むしろ誰の青春時代にも、燃やさねばならない金閣寺はあったのだ、と思う。
「おのれ自身を知れ」とは愚の骨頂
『金閣寺』からしばらく経って、澁澤龍彦の『快楽主義の哲学』に手を出した。三島と交流の深かった文化サロンの住人で、耽美や幻想、倒錯を知的に愛しているひと。
エロティックなカルト的主張というのではなく、ざっくり要約すると「本当の幸せ(満足)とはなにか」という内容だった。
幸福とは、あくまで「現実原則」に拘束された欲求の満足なので、持続的ではあっても、激しさに欠け、さらに個人のせまい主観や信仰の色めがねによってながめられることが多い。そしてほとんどの場合、即座の満足を避けて、ひきのばされた満足を求める消極的な傾向である
せまい意味で幸福とは、苦痛を回避すること(消極的な満足)で、快楽主義は積極的に満足を望んでいこうとする姿勢、といえる。日本人は禁欲的で、自らの積極的な満足をよしとしない。
印象的だったのが、「第2章 快楽を拒む、けちくさい思想」のなかで引用されるフランスの小説家アンドレ・ジイドの言葉。
「おのれ自身を知れ。この金言は、有害であるとともに醜悪でもある。自分自身をよく知ろうと苦心する毛虫は、いつになっても蝶にはならないはずだ。」
大切なのは自分を知ることではなく、自分という殻を破ること。自分を知ろうとすればするほど、小さなことしかできなくなるから、むしろ限界を叩き壊してゆけ、と。
「分からない」ではなくて「知りたい」を優先する
考えずに手を動かして書くモーニングページのなかで、私はよく「分からない」という。
「自分が分からない」「何をしたいのか分からない」「これからどうなるのか分からない」分からない、分からない……

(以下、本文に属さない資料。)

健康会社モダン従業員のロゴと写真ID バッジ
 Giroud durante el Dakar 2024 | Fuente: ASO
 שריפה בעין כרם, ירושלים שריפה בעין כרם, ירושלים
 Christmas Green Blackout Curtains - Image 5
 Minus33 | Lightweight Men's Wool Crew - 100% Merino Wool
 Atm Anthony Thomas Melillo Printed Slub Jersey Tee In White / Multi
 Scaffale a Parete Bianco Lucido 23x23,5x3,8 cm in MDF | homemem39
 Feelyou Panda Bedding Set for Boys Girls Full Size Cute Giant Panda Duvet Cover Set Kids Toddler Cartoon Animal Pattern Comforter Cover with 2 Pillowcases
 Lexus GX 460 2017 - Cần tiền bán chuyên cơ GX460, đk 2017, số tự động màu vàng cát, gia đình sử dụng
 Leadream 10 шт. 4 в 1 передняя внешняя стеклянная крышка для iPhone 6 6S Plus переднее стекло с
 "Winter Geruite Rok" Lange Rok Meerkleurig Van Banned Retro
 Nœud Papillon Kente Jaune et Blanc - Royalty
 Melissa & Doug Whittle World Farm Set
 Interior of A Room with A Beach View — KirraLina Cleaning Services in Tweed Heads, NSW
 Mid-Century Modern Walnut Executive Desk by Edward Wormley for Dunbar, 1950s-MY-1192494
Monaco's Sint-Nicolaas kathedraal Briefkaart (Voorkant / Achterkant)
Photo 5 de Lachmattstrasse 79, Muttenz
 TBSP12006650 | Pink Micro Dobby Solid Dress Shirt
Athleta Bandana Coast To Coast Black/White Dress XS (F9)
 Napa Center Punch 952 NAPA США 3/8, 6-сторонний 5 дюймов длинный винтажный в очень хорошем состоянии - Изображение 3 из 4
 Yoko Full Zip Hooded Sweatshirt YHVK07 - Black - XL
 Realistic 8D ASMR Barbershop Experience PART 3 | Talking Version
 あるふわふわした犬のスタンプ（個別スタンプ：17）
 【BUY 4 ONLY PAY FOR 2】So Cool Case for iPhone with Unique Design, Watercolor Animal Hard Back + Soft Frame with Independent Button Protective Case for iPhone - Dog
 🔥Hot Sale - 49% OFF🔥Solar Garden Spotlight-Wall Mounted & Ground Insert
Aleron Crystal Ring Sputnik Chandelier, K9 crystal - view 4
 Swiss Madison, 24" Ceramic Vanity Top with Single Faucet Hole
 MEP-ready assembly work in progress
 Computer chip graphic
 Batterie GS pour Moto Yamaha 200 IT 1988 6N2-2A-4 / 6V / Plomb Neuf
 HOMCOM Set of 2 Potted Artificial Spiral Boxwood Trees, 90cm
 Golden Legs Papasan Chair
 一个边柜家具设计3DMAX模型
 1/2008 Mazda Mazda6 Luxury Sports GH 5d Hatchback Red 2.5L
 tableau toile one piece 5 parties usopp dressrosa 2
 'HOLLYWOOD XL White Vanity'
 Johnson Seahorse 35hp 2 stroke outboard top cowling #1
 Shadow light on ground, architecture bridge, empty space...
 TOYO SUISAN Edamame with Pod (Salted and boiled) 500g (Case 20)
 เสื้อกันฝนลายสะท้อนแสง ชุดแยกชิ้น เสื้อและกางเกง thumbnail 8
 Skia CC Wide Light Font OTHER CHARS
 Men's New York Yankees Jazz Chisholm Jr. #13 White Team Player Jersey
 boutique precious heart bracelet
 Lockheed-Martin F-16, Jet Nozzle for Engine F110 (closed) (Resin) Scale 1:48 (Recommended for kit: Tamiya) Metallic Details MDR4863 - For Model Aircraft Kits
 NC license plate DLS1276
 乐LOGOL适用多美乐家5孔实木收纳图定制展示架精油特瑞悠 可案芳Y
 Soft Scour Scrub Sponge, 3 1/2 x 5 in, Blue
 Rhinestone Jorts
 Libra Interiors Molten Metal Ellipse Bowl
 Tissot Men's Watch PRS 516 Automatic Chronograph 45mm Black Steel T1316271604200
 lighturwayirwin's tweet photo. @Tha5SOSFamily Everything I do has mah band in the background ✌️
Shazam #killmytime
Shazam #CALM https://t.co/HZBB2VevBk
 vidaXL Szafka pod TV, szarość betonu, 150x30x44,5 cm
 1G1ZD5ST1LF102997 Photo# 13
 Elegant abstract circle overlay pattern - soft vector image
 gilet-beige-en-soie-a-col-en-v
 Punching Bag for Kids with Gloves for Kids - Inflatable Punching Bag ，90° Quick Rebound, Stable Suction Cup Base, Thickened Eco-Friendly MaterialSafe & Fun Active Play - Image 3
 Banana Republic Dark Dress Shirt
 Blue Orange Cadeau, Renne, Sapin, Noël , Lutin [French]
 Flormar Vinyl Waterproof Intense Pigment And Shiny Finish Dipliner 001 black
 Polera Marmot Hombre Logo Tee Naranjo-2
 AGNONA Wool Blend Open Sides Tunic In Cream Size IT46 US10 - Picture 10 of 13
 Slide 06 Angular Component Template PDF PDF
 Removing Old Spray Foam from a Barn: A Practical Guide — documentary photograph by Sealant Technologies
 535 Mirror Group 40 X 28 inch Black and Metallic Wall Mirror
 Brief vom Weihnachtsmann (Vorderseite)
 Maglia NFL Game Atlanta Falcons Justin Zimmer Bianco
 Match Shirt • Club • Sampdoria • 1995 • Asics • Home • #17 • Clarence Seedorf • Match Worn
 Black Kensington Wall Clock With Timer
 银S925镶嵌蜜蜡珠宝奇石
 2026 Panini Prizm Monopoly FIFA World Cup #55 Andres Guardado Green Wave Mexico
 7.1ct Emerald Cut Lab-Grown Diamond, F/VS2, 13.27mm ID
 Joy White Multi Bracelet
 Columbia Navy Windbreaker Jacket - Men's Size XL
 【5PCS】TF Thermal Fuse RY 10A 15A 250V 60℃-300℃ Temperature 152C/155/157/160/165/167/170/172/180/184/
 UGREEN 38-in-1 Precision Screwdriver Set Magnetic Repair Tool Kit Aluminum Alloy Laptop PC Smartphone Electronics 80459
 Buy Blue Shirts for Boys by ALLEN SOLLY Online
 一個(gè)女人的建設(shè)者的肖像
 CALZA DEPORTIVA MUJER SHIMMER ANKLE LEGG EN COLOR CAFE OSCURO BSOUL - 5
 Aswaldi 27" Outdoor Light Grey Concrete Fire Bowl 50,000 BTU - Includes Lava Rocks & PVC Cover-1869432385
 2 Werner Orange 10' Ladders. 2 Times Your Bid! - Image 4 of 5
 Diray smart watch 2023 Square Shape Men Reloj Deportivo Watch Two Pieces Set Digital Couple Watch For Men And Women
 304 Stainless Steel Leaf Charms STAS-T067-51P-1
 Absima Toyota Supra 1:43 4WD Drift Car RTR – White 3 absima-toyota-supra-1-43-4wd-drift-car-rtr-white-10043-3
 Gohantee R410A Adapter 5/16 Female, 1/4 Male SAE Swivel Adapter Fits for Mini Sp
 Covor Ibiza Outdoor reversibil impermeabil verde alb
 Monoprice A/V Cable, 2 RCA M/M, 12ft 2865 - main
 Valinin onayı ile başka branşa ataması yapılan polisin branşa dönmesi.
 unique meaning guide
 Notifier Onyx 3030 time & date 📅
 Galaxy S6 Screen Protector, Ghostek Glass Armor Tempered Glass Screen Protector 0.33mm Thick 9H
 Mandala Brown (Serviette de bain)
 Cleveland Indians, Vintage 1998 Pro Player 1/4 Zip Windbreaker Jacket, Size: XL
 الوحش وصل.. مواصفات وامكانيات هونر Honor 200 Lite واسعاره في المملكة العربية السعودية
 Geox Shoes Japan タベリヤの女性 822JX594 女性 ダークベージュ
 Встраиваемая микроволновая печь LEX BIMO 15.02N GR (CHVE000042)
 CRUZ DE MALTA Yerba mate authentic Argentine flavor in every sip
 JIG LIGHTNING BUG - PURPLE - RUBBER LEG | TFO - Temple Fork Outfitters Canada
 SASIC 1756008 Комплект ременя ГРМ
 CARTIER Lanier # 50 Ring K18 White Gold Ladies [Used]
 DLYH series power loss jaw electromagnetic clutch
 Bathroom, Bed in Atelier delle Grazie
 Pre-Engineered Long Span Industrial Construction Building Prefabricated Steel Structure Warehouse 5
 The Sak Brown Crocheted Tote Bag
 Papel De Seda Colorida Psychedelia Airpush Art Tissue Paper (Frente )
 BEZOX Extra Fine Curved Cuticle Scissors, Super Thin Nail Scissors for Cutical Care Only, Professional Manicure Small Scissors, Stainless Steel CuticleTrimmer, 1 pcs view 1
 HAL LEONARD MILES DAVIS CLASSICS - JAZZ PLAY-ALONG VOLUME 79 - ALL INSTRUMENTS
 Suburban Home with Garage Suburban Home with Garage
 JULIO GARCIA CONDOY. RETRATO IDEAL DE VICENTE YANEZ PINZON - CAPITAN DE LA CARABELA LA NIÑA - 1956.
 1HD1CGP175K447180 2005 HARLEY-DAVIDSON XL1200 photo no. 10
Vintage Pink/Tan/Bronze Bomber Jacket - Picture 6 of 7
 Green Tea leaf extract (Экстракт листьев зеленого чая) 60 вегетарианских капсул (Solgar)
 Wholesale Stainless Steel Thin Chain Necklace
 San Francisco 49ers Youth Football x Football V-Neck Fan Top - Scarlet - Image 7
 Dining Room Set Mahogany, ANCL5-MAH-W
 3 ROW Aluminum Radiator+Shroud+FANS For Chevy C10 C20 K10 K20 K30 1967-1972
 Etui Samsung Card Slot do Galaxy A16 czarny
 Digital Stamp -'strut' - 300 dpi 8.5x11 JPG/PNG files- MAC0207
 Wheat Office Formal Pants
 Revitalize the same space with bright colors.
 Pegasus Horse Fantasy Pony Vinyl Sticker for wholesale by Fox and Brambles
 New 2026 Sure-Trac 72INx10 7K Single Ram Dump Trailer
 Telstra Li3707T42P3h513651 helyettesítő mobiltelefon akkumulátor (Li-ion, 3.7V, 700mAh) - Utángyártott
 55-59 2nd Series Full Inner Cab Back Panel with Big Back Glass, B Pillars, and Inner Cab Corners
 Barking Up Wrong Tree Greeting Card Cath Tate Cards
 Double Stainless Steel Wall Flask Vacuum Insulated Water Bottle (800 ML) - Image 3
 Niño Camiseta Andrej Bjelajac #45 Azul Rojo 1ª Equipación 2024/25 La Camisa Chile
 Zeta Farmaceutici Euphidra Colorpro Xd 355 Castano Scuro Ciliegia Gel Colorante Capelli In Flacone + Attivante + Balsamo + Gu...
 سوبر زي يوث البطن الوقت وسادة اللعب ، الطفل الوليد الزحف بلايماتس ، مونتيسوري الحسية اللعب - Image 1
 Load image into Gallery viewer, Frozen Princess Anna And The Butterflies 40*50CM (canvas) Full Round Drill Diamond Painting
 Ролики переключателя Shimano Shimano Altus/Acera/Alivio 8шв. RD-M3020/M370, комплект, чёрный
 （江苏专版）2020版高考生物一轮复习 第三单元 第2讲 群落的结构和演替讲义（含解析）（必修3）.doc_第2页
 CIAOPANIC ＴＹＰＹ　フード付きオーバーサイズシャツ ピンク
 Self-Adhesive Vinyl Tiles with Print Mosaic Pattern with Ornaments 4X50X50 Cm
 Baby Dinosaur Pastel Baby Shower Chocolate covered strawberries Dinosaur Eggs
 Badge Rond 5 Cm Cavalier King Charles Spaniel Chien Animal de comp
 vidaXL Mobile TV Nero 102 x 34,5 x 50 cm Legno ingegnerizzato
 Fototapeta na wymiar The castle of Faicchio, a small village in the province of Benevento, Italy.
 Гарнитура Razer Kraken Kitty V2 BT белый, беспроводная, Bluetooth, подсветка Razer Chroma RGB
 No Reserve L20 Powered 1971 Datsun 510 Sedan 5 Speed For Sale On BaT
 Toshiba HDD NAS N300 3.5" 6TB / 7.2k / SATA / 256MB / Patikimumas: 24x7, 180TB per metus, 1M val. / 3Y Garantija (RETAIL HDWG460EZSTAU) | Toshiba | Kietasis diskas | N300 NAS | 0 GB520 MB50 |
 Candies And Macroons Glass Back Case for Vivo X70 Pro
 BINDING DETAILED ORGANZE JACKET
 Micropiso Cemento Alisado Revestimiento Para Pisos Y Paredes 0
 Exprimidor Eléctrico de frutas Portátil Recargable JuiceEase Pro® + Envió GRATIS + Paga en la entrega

三島や澁澤の本が頭の隅にあり続けて、ある日のモーニングページで突然「それって、知りたいってことですよね」と気がついた。
「分からない」「知りたい」は裏表みたいに近い言葉だけど、気持ちの向き方が違う。
不安や問題意識で埋め尽くされる「分からない」から、積極的で好奇心に満ちた「知りたい」に意識を向けることは、快楽主義に一歩近づくことのような気がする。
何より、「知りたい」という言葉を発見して、次の日のモーニングページを開くのがずっと楽しみになった。
「今日はどんなことを知りたいかな?」
自分探しをするよりも、自分の目を通して惹かれる物事を追いかけるほうが楽しいと思える今日この頃だ。